■ **What you should do**
Using the listing below, copy exactly each line from the one that has "Close-up of a" through the one that has "Stunning aerial view"; omit the pictures.

[Opening Records shown section]

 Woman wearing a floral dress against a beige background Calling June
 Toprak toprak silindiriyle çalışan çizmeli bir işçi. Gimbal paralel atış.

[Closing Records shown section]
[Opening Records shown section]

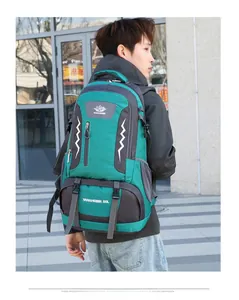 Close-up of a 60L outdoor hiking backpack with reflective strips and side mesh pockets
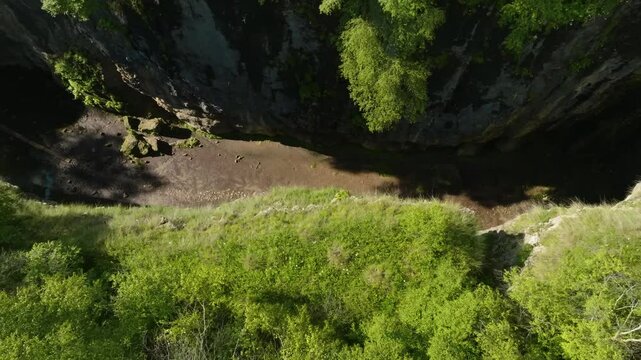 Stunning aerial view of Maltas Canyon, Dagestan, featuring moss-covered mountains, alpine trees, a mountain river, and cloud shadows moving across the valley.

[Closing Records shown section]

■ **Solution to this exercise**
 Close-up of a 60L outdoor hiking backpack with reflective strips and side mesh pockets
 Stunning aerial view of Maltas Canyon, Dagestan, featuring moss-covered mountains, alpine trees, a mountain river, and cloud shadows moving across the valley.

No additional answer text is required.